» **DATASET CONTENT**:
################

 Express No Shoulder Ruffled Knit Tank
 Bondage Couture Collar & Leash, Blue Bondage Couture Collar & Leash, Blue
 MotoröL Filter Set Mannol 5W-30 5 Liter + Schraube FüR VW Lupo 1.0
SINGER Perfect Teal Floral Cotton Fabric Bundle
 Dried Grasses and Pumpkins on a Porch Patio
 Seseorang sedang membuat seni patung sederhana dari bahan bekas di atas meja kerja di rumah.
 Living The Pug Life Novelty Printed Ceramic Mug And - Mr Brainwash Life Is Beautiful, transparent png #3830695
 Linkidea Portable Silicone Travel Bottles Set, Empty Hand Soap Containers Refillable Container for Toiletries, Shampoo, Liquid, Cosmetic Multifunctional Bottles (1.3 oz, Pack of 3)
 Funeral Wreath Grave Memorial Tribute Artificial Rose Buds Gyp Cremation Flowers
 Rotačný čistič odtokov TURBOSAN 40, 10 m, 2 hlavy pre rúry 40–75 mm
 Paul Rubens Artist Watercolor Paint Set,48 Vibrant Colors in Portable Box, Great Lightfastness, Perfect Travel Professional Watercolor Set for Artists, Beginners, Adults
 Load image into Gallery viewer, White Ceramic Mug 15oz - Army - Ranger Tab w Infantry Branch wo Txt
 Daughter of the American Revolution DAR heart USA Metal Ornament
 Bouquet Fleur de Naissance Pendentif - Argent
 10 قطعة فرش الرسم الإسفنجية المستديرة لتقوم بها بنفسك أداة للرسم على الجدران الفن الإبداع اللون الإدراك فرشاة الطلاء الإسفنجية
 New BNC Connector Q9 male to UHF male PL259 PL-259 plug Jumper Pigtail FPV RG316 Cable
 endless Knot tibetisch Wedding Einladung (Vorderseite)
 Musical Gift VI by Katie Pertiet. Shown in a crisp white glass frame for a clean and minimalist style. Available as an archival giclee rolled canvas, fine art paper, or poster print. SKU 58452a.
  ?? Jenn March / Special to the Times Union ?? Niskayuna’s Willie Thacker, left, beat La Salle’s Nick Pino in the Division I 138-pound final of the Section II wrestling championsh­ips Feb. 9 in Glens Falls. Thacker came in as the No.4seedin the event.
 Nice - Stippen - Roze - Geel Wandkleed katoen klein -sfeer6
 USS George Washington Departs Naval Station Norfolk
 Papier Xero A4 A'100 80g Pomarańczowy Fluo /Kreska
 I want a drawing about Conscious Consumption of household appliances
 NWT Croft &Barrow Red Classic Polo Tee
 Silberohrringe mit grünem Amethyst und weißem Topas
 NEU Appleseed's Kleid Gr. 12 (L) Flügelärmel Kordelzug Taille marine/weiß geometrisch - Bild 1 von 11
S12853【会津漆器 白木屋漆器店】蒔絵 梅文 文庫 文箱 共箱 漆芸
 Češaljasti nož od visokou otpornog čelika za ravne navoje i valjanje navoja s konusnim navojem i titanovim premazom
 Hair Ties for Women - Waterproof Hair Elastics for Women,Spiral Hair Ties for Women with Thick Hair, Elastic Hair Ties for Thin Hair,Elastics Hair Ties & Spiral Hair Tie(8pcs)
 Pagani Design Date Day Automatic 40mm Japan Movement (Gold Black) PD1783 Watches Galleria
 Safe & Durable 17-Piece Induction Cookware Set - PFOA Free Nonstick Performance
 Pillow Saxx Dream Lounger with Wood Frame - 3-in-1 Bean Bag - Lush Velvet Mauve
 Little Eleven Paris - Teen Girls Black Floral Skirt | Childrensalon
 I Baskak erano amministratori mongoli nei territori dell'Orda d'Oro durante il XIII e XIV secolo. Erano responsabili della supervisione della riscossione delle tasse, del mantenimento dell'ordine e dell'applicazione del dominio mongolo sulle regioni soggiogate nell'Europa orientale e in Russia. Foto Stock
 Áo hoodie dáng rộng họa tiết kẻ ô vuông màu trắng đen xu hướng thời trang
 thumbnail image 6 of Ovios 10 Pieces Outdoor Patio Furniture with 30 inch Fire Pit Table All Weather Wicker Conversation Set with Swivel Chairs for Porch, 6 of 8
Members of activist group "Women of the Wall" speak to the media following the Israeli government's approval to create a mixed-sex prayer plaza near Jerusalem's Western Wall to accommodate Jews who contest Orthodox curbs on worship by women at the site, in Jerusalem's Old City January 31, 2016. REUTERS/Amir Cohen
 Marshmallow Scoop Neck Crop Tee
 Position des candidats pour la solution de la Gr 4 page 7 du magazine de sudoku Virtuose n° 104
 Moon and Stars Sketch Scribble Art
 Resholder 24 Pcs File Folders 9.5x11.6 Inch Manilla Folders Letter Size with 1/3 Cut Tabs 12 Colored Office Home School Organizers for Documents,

################

» **REQUIRED WORK**:
Every entry is to be repeated exactly as it stands.

» **TASK RESPONSE**:
 Express No Shoulder Ruffled Knit Tank
 Bondage Couture Collar & Leash, Blue Bondage Couture Collar & Leash, Blue
 MotoröL Filter Set Mannol 5W-30 5 Liter + Schraube FüR VW Lupo 1.0
SINGER Perfect Teal Floral Cotton Fabric Bundle
 Dried Grasses and Pumpkins on a Porch Patio
 Seseorang sedang membuat seni patung sederhana dari bahan bekas di atas meja kerja di rumah.
 Living The Pug Life Novelty Printed Ceramic Mug And - Mr Brainwash Life Is Beautiful, transparent png #3830695
 Linkidea Portable Silicone Travel Bottles Set, Empty Hand Soap Containers Refillable Container for Toiletries, Shampoo, Liquid, Cosmetic Multifunctional Bottles (1.3 oz, Pack of 3)
 Funeral Wreath Grave Memorial Tribute Artificial Rose Buds Gyp Cremation Flowers
 Rotačný čistič odtokov TURBOSAN 40, 10 m, 2 hlavy pre rúry 40–75 mm
 Paul Rubens Artist Watercolor Paint Set,48 Vibrant Colors in Portable Box, Great Lightfastness, Perfect Travel Professional Watercolor Set for Artists, Beginners, Adults
 Load image into Gallery viewer, White Ceramic Mug 15oz - Army - Ranger Tab w Infantry Branch wo Txt
 Daughter of the American Revolution DAR heart USA Metal Ornament
 Bouquet Fleur de Naissance Pendentif - Argent
 10 قطعة فرش الرسم الإسفنجية المستديرة لتقوم بها بنفسك أداة للرسم على الجدران الفن الإبداع اللون الإدراك فرشاة الطلاء الإسفنجية
 New BNC Connector Q9 male to UHF male PL259 PL-259 plug Jumper Pigtail FPV RG316 Cable
 endless Knot tibetisch Wedding Einladung (Vorderseite)
 Musical Gift VI by Katie Pertiet. Shown in a crisp white glass frame for a clean and minimalist style. Available as an archival giclee rolled canvas, fine art paper, or poster print. SKU 58452a.
  ?? Jenn March / Special to the Times Union ?? Niskayuna’s Willie Thacker, left, beat La Salle’s Nick Pino in the Division I 138-pound final of the Section II wrestling championsh­ips Feb. 9 in Glens Falls. Thacker came in as the No.4seedin the event.
 Nice - Stippen - Roze - Geel Wandkleed katoen klein -sfeer6
 USS George Washington Departs Naval Station Norfolk
 Papier Xero A4 A'100 80g Pomarańczowy Fluo /Kreska
 I want a drawing about Conscious Consumption of household appliances
 NWT Croft &Barrow Red Classic Polo Tee
 Silberohrringe mit grünem Amethyst und weißem Topas
 NEU Appleseed's Kleid Gr. 12 (L) Flügelärmel Kordelzug Taille marine/weiß geometrisch - Bild 1 von 11
S12853【会津漆器 白木屋漆器店】蒔絵 梅文 文庫 文箱 共箱 漆芸
 Češaljasti nož od visokou otpornog čelika za ravne navoje i valjanje navoja s konusnim navojem i titanovim premazom
 Hair Ties for Women - Waterproof Hair Elastics for Women,Spiral Hair Ties for Women with Thick Hair, Elastic Hair Ties for Thin Hair,Elastics Hair Ties & Spiral Hair Tie(8pcs)
 Pagani Design Date Day Automatic 40mm Japan Movement (Gold Black) PD1783 Watches Galleria
 Safe & Durable 17-Piece Induction Cookware Set - PFOA Free Nonstick Performance
 Pillow Saxx Dream Lounger with Wood Frame - 3-in-1 Bean Bag - Lush Velvet Mauve
 Little Eleven Paris - Teen Girls Black Floral Skirt | Childrensalon
 I Baskak erano amministratori mongoli nei territori dell'Orda d'Oro durante il XIII e XIV secolo. Erano responsabili della supervisione della riscossione delle tasse, del mantenimento dell'ordine e dell'applicazione del dominio mongolo sulle regioni soggiogate nell'Europa orientale e in Russia. Foto Stock
 Áo hoodie dáng rộng họa tiết kẻ ô vuông màu trắng đen xu hướng thời trang
 thumbnail image 6 of Ovios 10 Pieces Outdoor Patio Furniture with 30 inch Fire Pit Table All Weather Wicker Conversation Set with Swivel Chairs for Porch, 6 of 8
Members of activist group "Women of the Wall" speak to the media following the Israeli government's approval to create a mixed-sex prayer plaza near Jerusalem's Western Wall to accommodate Jews who contest Orthodox curbs on worship by women at the site, in Jerusalem's Old City January 31, 2016. REUTERS/Amir Cohen
 Marshmallow Scoop Neck Crop Tee
 Position des candidats pour la solution de la Gr 4 page 7 du magazine de sudoku Virtuose n° 104
 Moon and Stars Sketch Scribble Art
 Resholder 24 Pcs File Folders 9.5x11.6 Inch Manilla Folders Letter Size with 1/3 Cut Tabs 12 Colored Office Home School Organizers for Documents,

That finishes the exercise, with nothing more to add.